Scaling a Ruby on Rails app on Heroku

I have had to spend a considerable amount of time scaling Rails applications for things like major product launches to live TV events like SharkTank and Beyond The Tank and national TV marketing campaigns.

From all that experience, the most effective way I have found to scale a web application is to do the following:

Implement sufficient application performance monitoring (I use NewRelic)
Gather data (ideally, load test until you scale out)
Identify what the bottleneck was
Fix the bottleneck
🔁 Repeat (until you hit a goal or run out of time)

The reason why this is so effective is because it ensures that you spend your time fixing the actual constraint of your system.
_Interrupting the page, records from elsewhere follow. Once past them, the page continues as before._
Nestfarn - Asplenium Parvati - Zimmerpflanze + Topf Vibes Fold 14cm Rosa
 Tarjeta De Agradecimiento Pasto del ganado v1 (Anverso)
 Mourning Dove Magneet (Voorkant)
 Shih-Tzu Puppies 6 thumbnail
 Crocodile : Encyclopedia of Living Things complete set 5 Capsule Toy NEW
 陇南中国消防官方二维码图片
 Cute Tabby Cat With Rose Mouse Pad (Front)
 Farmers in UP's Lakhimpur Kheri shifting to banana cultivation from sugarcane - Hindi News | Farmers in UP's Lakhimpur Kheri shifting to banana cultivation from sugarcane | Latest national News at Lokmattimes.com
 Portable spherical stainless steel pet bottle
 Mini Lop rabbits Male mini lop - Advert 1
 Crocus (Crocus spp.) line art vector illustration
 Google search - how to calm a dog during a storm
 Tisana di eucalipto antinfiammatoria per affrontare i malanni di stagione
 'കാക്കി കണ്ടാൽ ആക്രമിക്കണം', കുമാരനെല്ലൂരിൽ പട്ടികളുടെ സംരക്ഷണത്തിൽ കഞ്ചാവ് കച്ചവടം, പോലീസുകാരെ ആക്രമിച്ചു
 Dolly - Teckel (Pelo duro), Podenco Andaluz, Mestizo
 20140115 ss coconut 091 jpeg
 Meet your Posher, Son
A great way to think about this come from the Theory of Constraints:

Any improvements made anywhere besides the bottleneck are an illusion. -Gene Kim

So, in my experience, when scaling a Rails app the bottleneck typically falls into one of two large areas:

The Database (Heroku Postgres in our case)
The Rails Application

Let’s dive into each of those.

Heroku Postgres

Goals

📉 Decrease time spent per database query
📉 Decrease number of database queries
📈 Increase database connection utilization
📈 Increase number of application requests per database connection

Solutions

Update your Heroku Postgres database plan
Upgrade Postgres to latest version
Implement caching in front of the Database where appropriate
Optimize / remove any long running and/or time consuming queries
Reduce number of queries by rewriting application to make fewer queries
Optimize / configure DB connection pooling
- Optimize ActiveRecord’s connection pool
- Implement/Optimize PgBouncer
- Ensure your application does not run out of DB connections
Configure a statement_timeout
Ensure your database is properly indexed (for both reads and writes)
Configure a read only follower database and use where appropriate
Ensure DB backups are configured to run off-peak hours

Heroku Rails Web Application

Goals

📉 Decrease application throughput
📉 Decrease application response time (95th percentile)

Solutions

Upgrade Ruby to latest version
Reduce throughput/requests to your application
- Serve static content (including assets/HTML/JSON) from a CDN e.g) Cloudflare
- Cache content that can be stale (including HTML/JSON) in a CDN e.g) Cloudflare
- Break off any high throughput/independent parts of your app into independent applications
- Optimize clients to make fewer requests to application
- Properly and aggressively set Cache-Control headers
Cache expensive calculations and/or queries
- On the Rails server in memory, in Redis, on an Edge server, on the client, or any combination
Optimize your web server (Puma)
- Test multiple Puma configurations including multi-threaded, multi-process, and a combination
Upgrade to Performance web dynos (dedicated)
Off load any long running processes into background jobs (Sidekiq)
Have an aggressive request timeout solution (RackTimeout)
Ensure any external API request clients have aggressive timeouts configured
Configure database to have a statement_timeout
Optimize database performance/queries/indexes (see above)